3-1 ACTUAL CAUSES OF DEATH IN THE UNITED STATES, 2000

This article defines the “actual” causes of death as underlying-modifiable-behavioral risk factors which predispose to the “disease” which is labeled as the cause of death .

A literature search identified epidemiological, clinical, and laboratory studies linking risk behaviors and mortality. The authors used a formula which calculated ‘actual” causes of death from the percentage of deaths in those engaged in the risk behavior and the percentage not engaging in the risk behavior. (Eg, estimated the percentage of smokers dying of heart disease vs the percentage of non-smokers dying of heart disease. Then compared the relative risks of death in the two groups.)

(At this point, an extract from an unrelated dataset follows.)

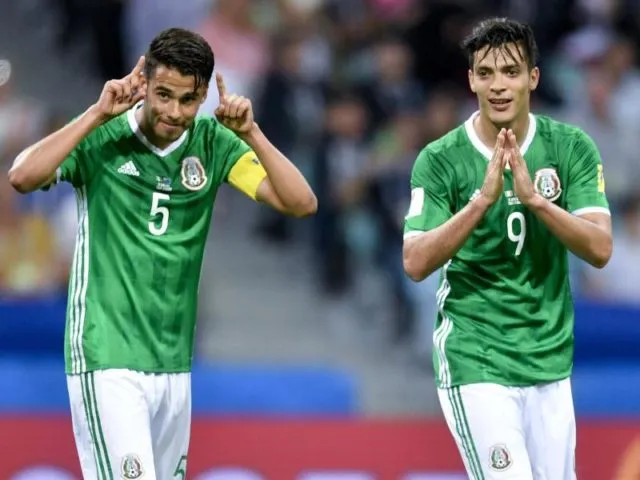 Mexikos Raul Jimenez (r) jubelt mit Teamkollege Diego Reyes über seinen Treffer zum 1:1. Foto: Martin Meissner/dpa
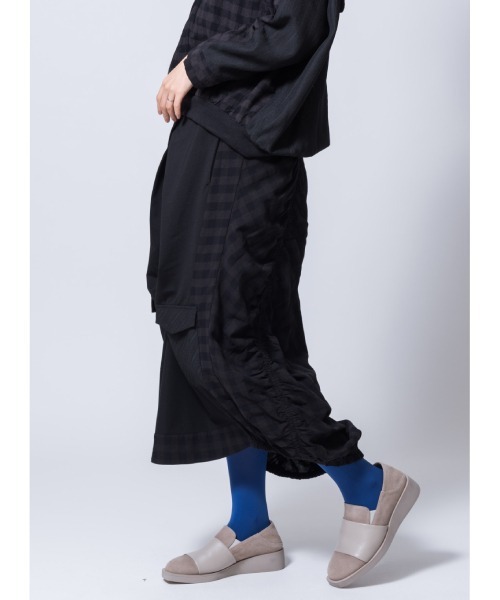 WHITE（ホワイト）の「コットンリネンチェックミリタリーシャーリングスカート（スカート・レディース・ブラック・FREE）」の5枚目の写真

Causes of death as reported in death certificates

(No. per 100 000 population)

Heart disease 258

Malignant neoplasms 200

Cerebrovascular disease 61

Chronic lower respiratory disease 44

Unintentional injuries 36

Diabetes 25

Influenza and pneumonia 24

Alzheimer disease 18

“Actual” causes of death No. in 1990 (thousands) No. in 2000 (thousands)

Tobacco 400 435

Poor diet and physical inactivity 300 400

Alcohol 100 85

Microbial agents 90 75

Toxic agents 60 55

Motor vehicle 25 43

Firearms 35 29

Sexual behavior 30 17

Illicit drug use 20 17

About half of all deaths could be attributed to a limited number of largely preventable behaviors.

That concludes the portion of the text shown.